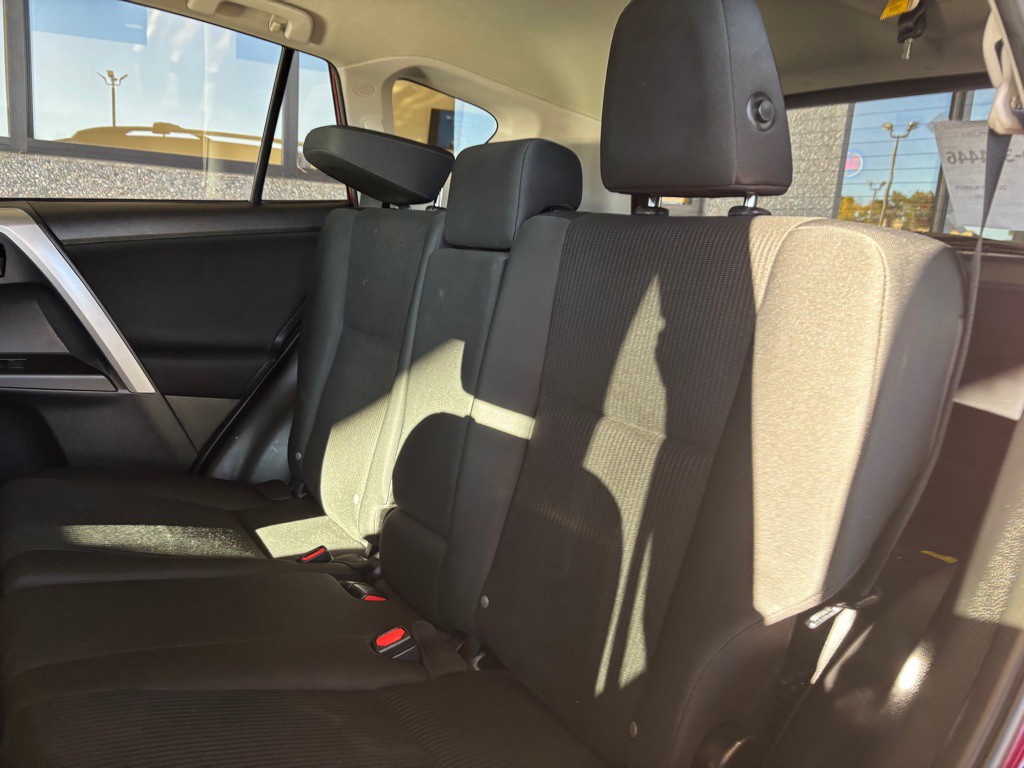 2018 Toyota Rav4 Image 16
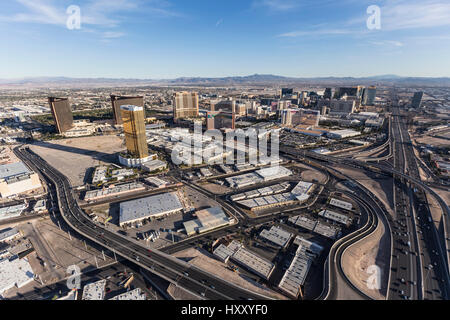 Las Vegas, Nevada, USA - 13. März 2017: Luftaufnahme des Las Vegas Resorts, Straßen und interstate 15. Stockfoto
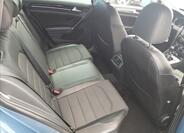 Volkswagen Golf 9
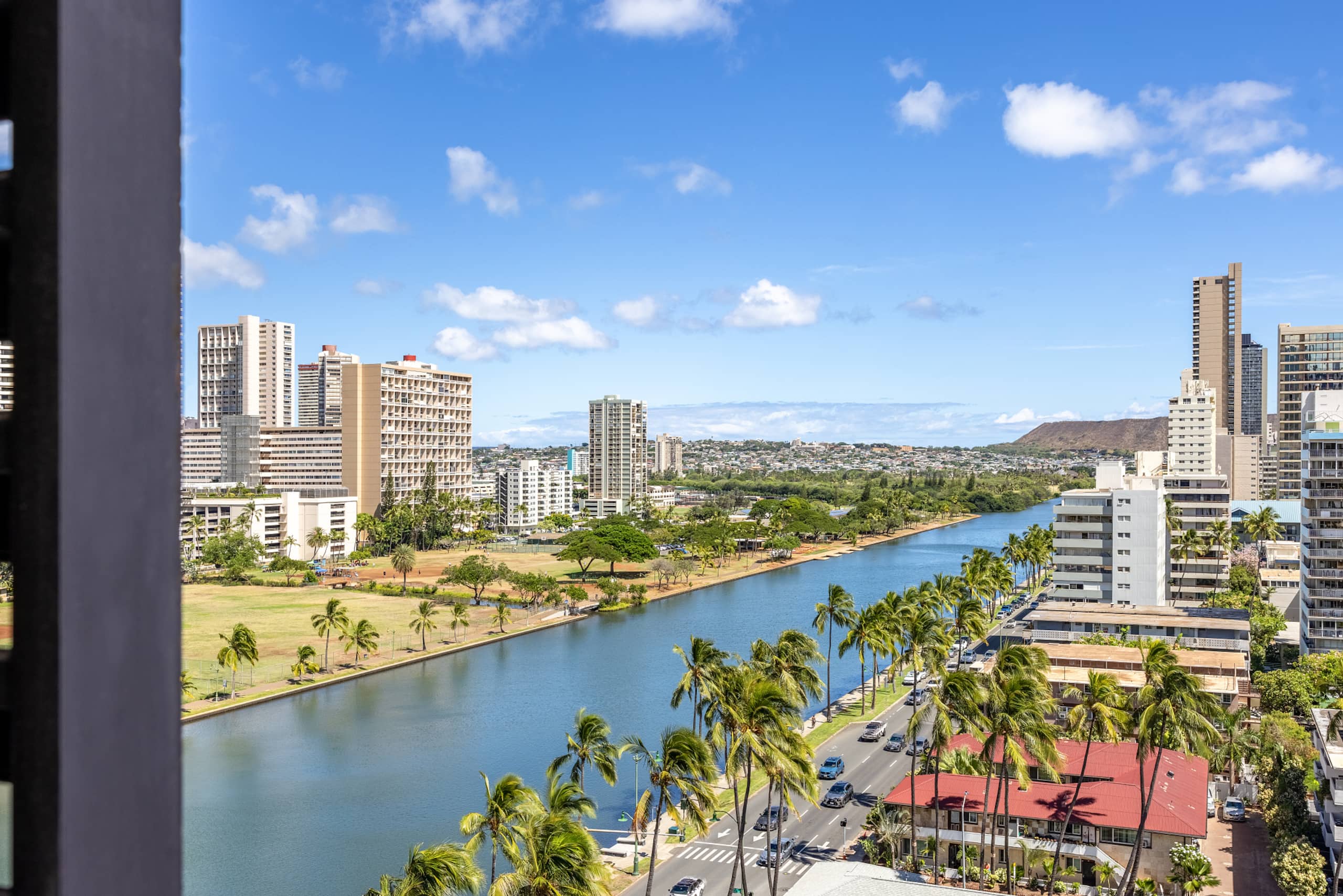 Ocean Breeze Waikiki Corner Oasis - Image 30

__________

(WORK INSTRUCTION)
No pictures should appear in the copy. Print exactly the lines above from the line containing "Las Vegas, Nevada, USA" through the last line of the data.

(RESPONSE FOR THIS EXERCISE)
 Las Vegas, Nevada, USA - 13. März 2017: Luftaufnahme des Las Vegas Resorts, Straßen und interstate 15. Stockfoto
 Volkswagen Golf 9
 Ocean Breeze Waikiki Corner Oasis - Image 30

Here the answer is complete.